Data Driven Models to Predict Therapeutic Delivery in the Presence of Lung Disease (Prof. Jessica Oakes) - The overarching goal of the Respiratory Innovation and Simulation Team (RESIST) is to engineer novel solutions to improve lung health. Our group combines experimental and numerical methods to predict fate of inhaled particles in the lung (e.g. cig/e-cig smoke and medications). Lung computer models must integrate clinical or experimental data in order to predict physiologically-realistic phenomenon. The goal of this project is link various asthmatic phenotypes with inability to treat with inhaled medications. The student will help in linking MRI and CT data with computational simulations to predict deposition patterns. Based on student interest, there may also be opportunities to work with in vivo models within the laboratory. Following this experience, the student will gain expertise in lung and asthma pathophysiology and developing and performing state-of-the-art computer simulations. This is a great opportunity to immerse yourself into a dynamic and growing research group.

 
Possible REU projects include:   

        • Creating realistic 3D airway geometries from CT scans of asthmatic subjects.

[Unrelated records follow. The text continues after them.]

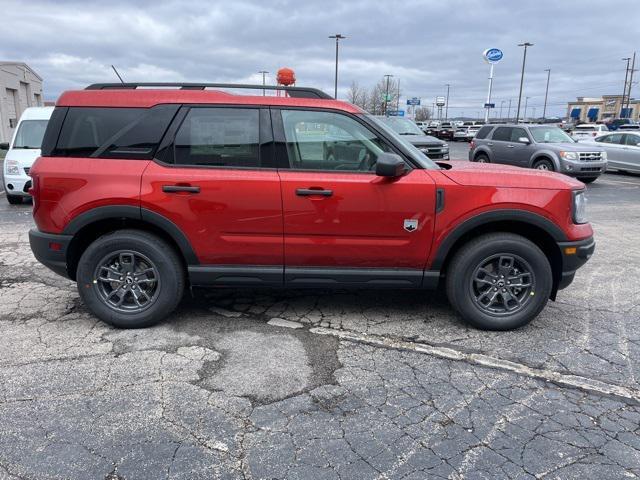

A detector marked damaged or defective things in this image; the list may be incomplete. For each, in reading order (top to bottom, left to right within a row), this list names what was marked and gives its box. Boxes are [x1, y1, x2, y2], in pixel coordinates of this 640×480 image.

cracked asphalt pavement [1, 149, 640, 476] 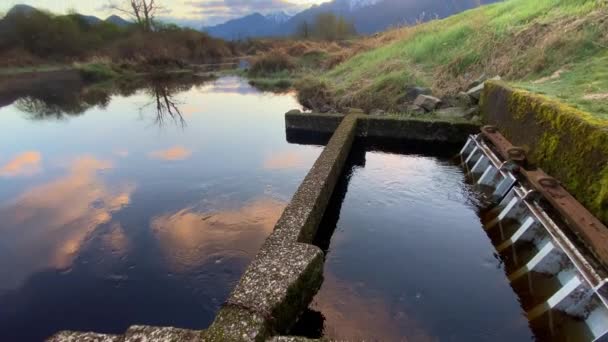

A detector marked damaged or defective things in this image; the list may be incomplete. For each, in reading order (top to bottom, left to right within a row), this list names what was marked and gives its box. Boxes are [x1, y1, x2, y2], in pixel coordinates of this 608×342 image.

rusted bracket [480, 125, 528, 166]
rusted bracket [520, 168, 608, 270] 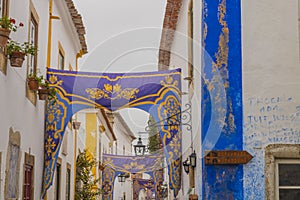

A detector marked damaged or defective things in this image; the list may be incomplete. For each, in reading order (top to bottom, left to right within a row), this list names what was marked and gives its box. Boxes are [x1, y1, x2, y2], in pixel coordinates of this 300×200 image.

peeling blue paint wall [200, 0, 243, 198] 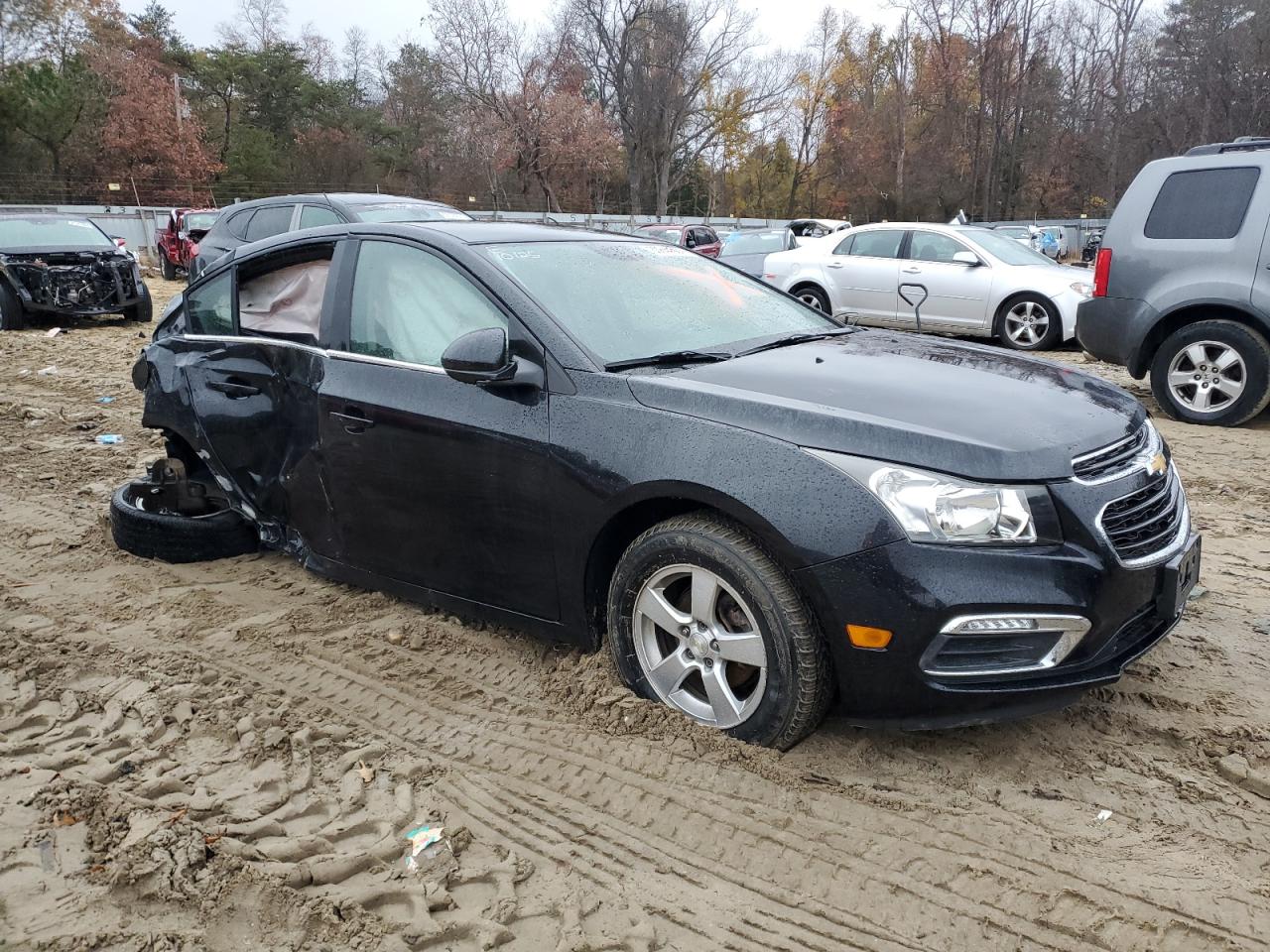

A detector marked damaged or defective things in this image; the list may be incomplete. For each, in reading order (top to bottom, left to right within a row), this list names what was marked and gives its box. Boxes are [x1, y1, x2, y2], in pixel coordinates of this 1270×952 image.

detached tire [0, 280, 26, 331]
severe rear damage [1, 246, 147, 315]
damaged black suv [0, 212, 151, 331]
detached tire [125, 282, 154, 323]
detached tire [1151, 319, 1270, 424]
detached tire [109, 480, 258, 563]
detached tire [603, 512, 833, 750] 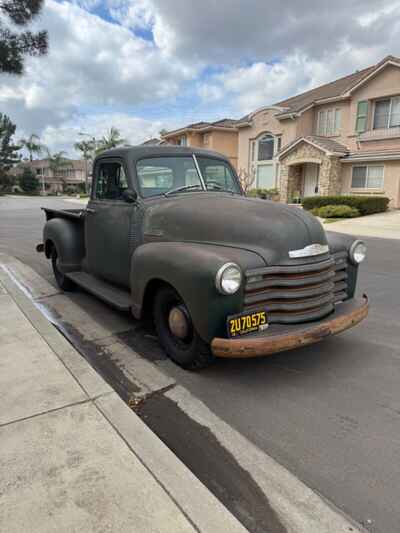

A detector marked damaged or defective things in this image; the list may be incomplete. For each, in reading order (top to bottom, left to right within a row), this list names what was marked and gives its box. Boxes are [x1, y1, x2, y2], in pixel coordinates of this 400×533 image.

rusty bumper [212, 296, 368, 358]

        • Integrating hyper-polarized MRI scans with the airway geometries to model gas flow in the         lung.

        • Track particles throughout the respiration cycle to predict hotspots.

        • Analyze results and correlate findings with various asthma phenotypes (e.g. airway         morphology, pulmonary function tests, and various bio-markers).

Project 6

Identification of Functional Forms and Estimation of Material Parameters in a Computational Model of Arterial Growth and Remodeling (Prof. Chiara Bellini) - Stiffening of central arteries is an independent risk factor for cardiovascular disease that naturally occurs with age but can be accelerated by lifestyle habits, disease, or medications to treat viral infections, autoimmune diseases, and cancer. Elastic fibers fragmentation, imbalance between deposition and removal of collagen, improper organization of collagen fibers, and cell apoptosis are only a few of the microstructural changes that associate with a decline in vascular function. Characterizing the correlation between microstructural remodeling and changes in tissue stiffness might identify potential targets for treatment. The overall goal of the project is to use biaxial mechanical data and results from histology/immunohistochemistry on fixed aortic specimens to inform and validate a computational model that describes the evolution of aortic wall structure and function following specific electro-chemo-mechanical stimuli.

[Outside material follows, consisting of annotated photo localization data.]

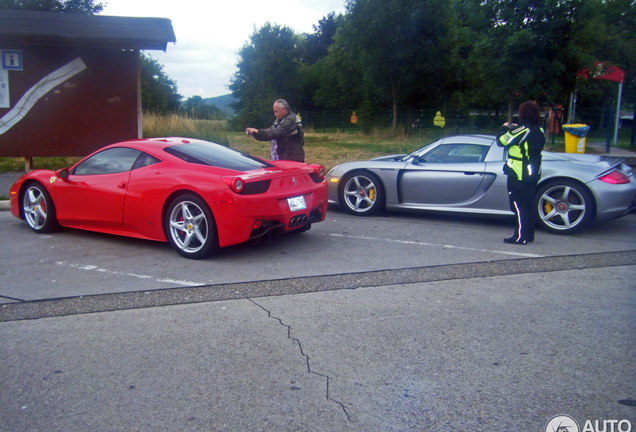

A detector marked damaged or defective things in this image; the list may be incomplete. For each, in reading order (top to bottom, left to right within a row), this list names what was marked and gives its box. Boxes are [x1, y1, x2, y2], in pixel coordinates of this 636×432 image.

crack in pavement [246, 298, 352, 420] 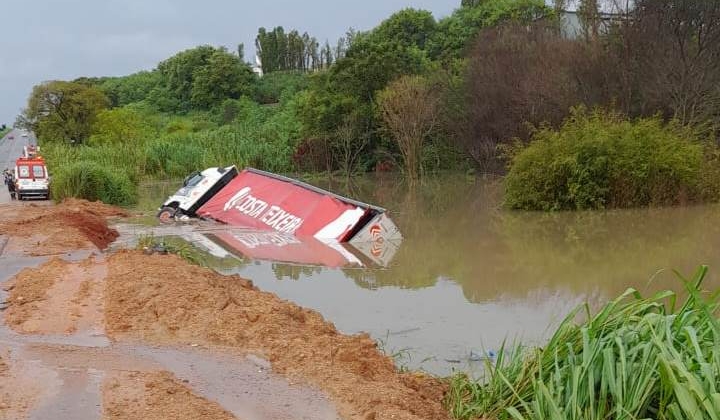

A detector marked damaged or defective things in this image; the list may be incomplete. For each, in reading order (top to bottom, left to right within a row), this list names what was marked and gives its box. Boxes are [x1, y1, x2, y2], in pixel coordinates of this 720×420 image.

overturned semi truck [158, 168, 402, 254] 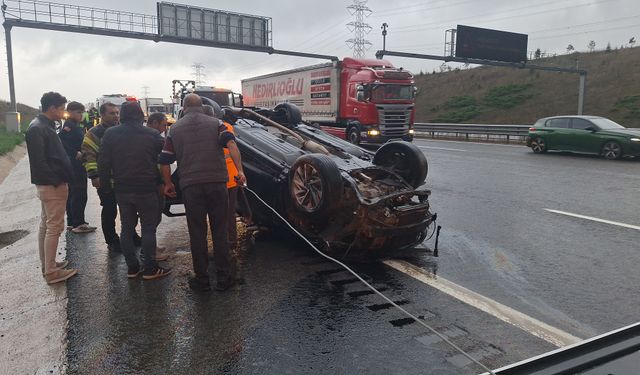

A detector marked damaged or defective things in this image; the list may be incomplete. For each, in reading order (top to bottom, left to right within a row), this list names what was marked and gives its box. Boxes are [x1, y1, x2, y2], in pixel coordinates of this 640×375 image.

overturned car [165, 102, 436, 256] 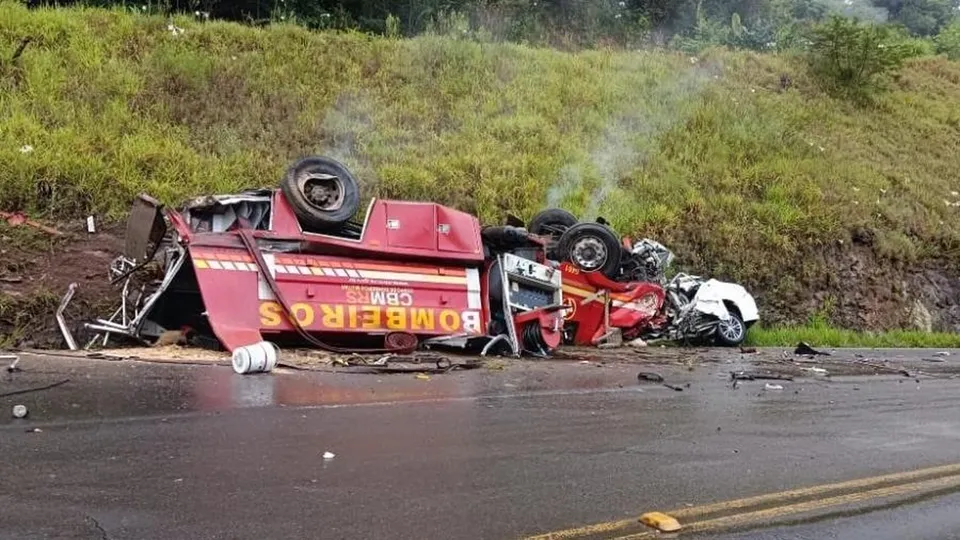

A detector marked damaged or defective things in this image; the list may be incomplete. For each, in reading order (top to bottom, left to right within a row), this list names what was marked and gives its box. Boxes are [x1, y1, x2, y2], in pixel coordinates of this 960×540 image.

exposed tire [284, 156, 366, 232]
overturned fire truck [71, 157, 568, 358]
exposed tire [524, 208, 576, 260]
exposed tire [556, 221, 624, 278]
exposed tire [712, 310, 752, 348] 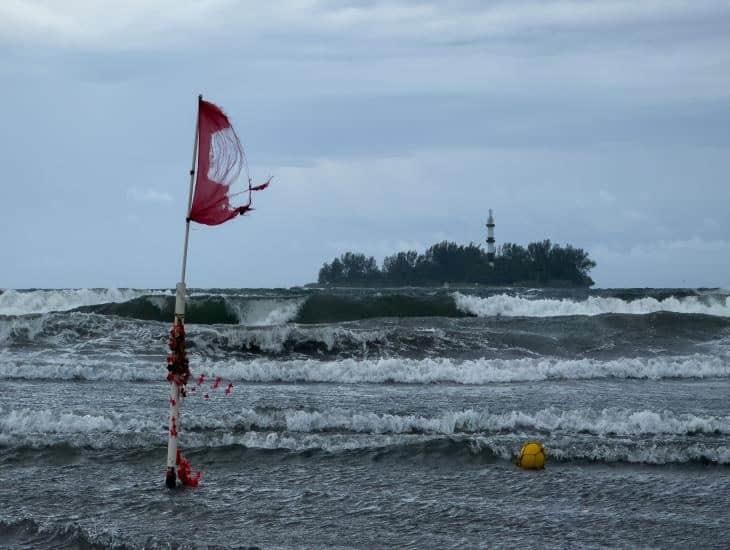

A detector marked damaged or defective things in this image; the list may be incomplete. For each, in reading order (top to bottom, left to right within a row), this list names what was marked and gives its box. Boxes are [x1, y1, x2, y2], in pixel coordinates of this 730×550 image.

tattered red flag [188, 99, 268, 226] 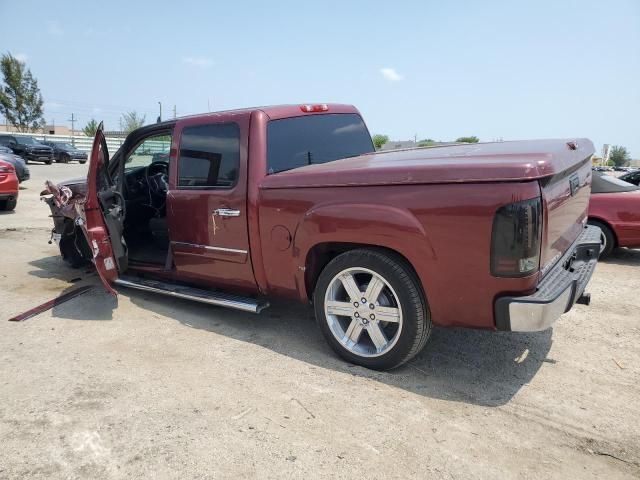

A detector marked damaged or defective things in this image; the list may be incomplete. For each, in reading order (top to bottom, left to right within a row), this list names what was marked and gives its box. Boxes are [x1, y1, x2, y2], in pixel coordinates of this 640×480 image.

damaged front end [40, 180, 92, 268] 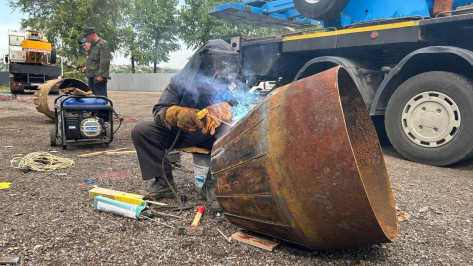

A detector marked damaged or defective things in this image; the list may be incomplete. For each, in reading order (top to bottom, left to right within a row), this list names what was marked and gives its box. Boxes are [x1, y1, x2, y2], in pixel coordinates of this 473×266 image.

large rusty pipe [212, 66, 396, 249] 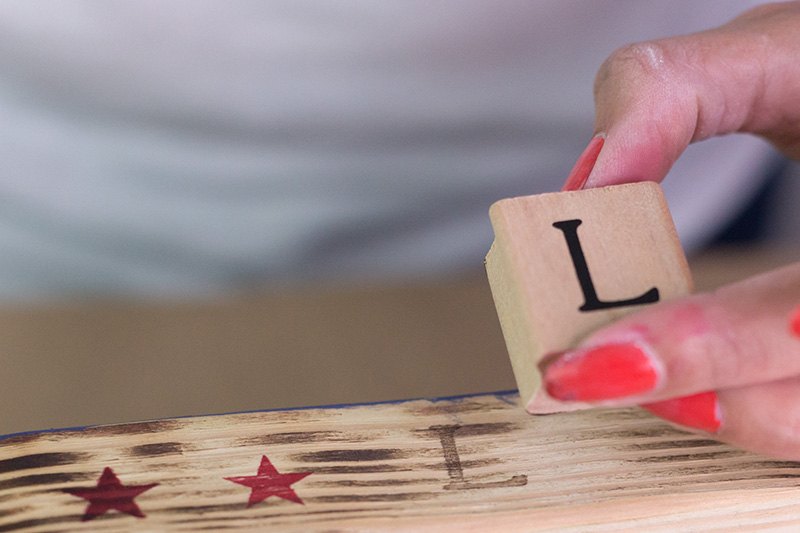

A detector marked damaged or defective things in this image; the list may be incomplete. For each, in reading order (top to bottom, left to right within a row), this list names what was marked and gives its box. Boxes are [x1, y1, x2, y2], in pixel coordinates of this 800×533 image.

burned wood marking [428, 424, 528, 490]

Possible REU projects include: 

        • Analyzing biaxial mechanical data to estimate the material parameters that characterize the         mechanical response of the aorta at fixed time points. A nonlinear least square regression will         be used to minimize an objective function that accounts for the difference between         experimental data and numerical predictions;

        • Analyzing histological/immunohistochemical data to identify functional forms that describe         the synthesis of new extracellular matrix proteins and the inward migration or proliferation of         cells as well as the degradation/loss of mechanically competent structural proteins and the         outward migration or apoptosis of cells.